• [Task brief] Only an exact copy is wanted: the lines from the one holding "150 Pinecrest Drive" through the last line below, minus the pictures.

• [Stored records]
::::::
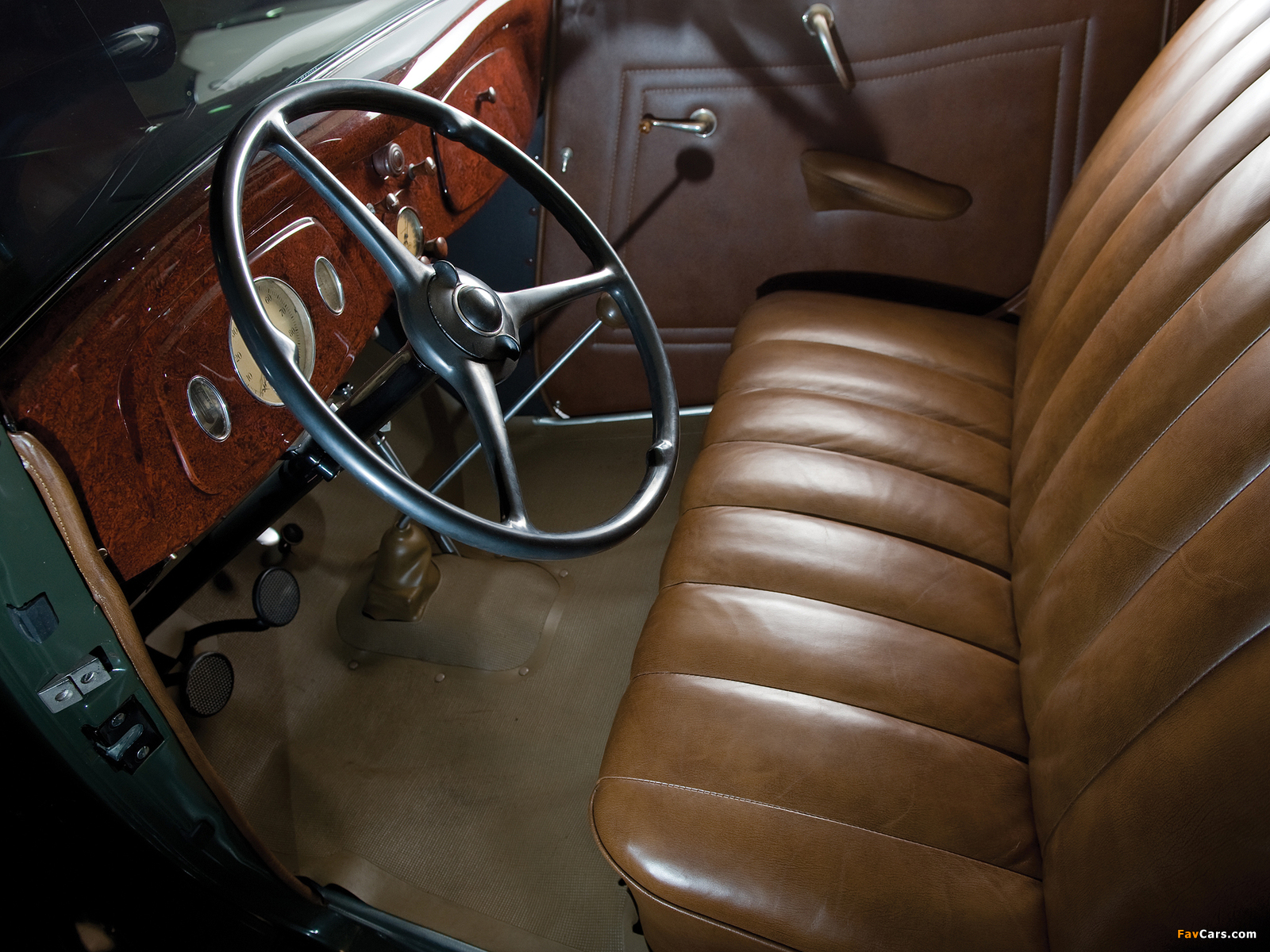 Images of Ford V8 Deluxe Cabriolet (40-760) 1934 (1600 x 1200)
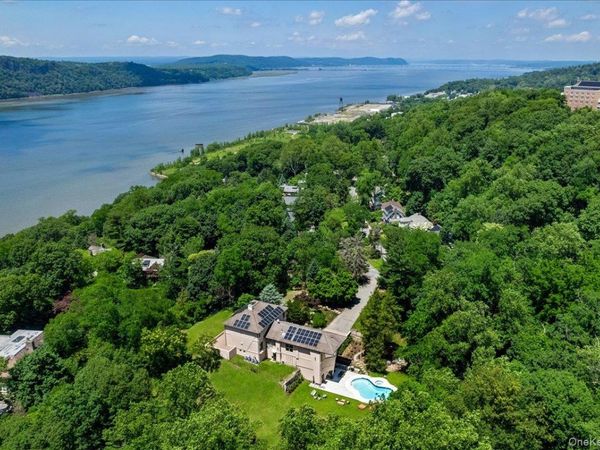 150 Pinecrest Drive , Hastings-on-Hudson, NY 10706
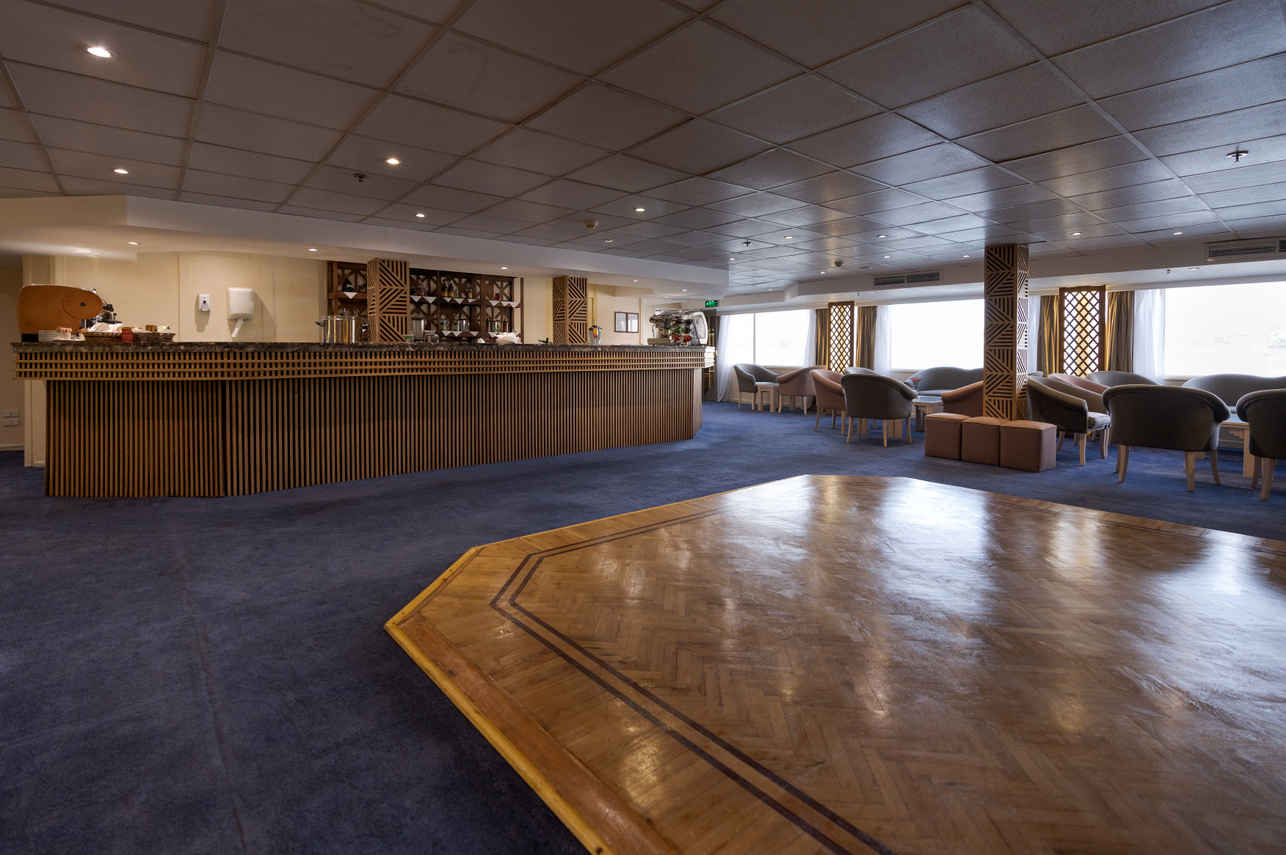Bar and Lounge Area - Nile Crown I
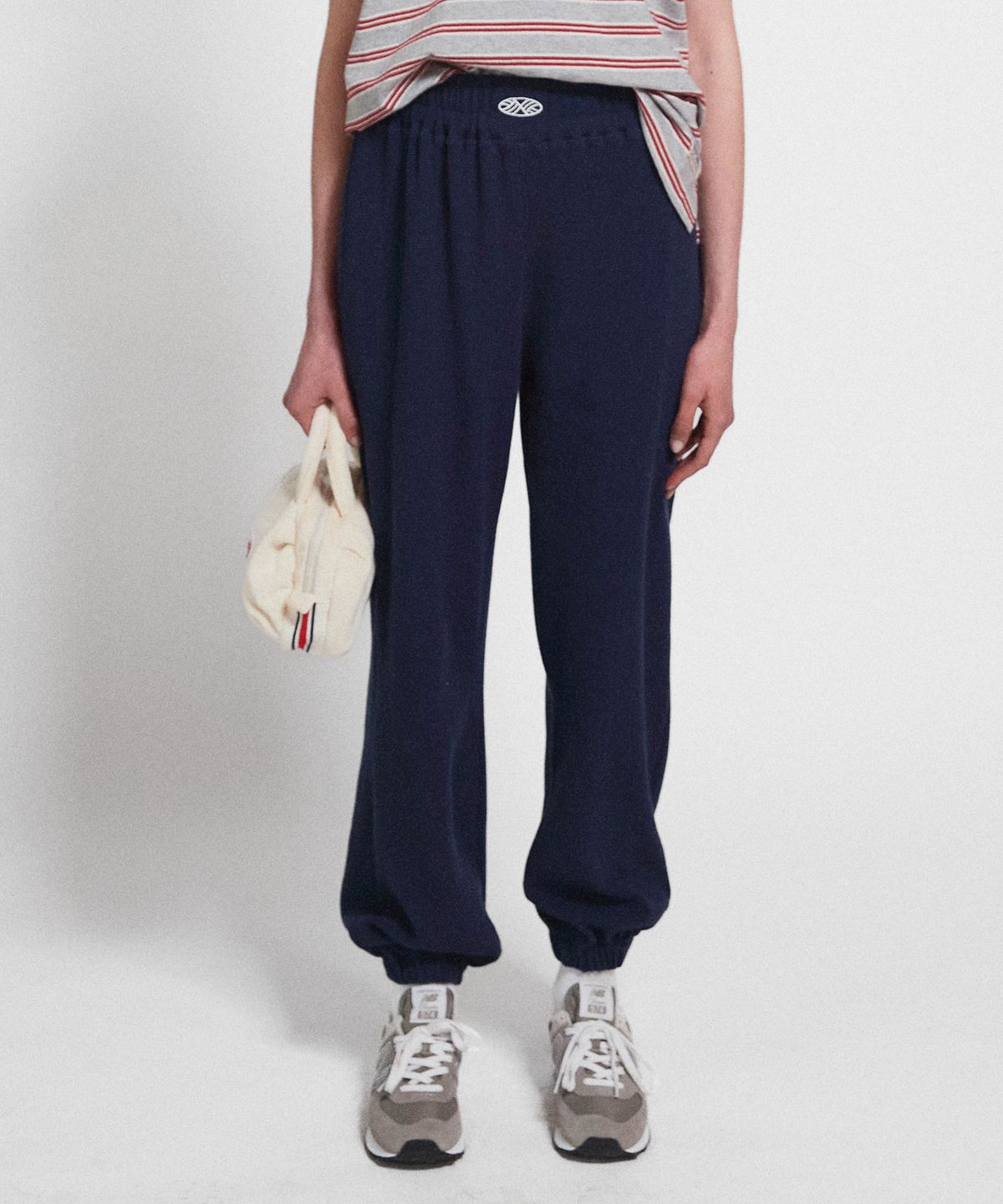 미나수(MENASOO) Track Logo Waffle Jogger Pants_Navy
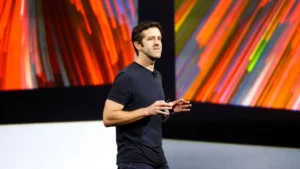 شعار شركة آبل مع صورة لتيم كوك وجون تيرنوس يرمزان لانتقال القيادة بالتزامن مع إعلان نتائج الربع الثاني 2026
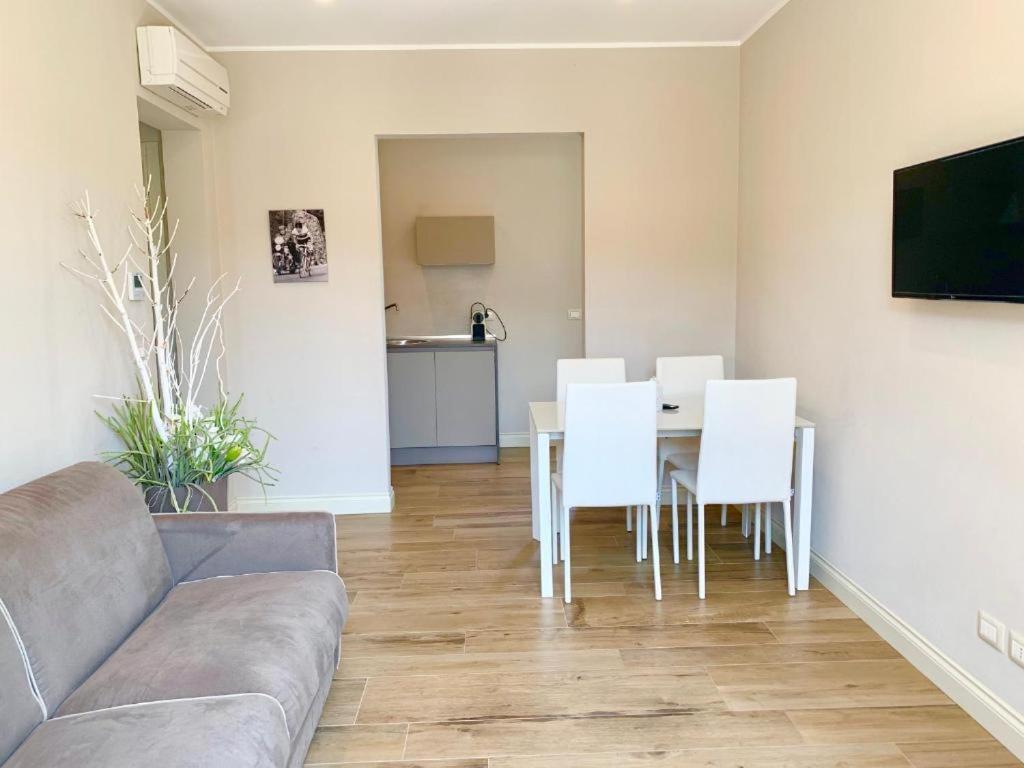 Dimora San Carlo Apartment Roddi Exterior photo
::::::
• [The answer]
 150 Pinecrest Drive , Hastings-on-Hudson, NY 10706
Bar and Lounge Area - Nile Crown I
 미나수(MENASOO) Track Logo Waffle Jogger Pants_Navy
 شعار شركة آبل مع صورة لتيم كوك وجون تيرنوس يرمزان لانتقال القيادة بالتزامن مع إعلان نتائج الربع الثاني 2026
 Dimora San Carlo Apartment Roddi Exterior photo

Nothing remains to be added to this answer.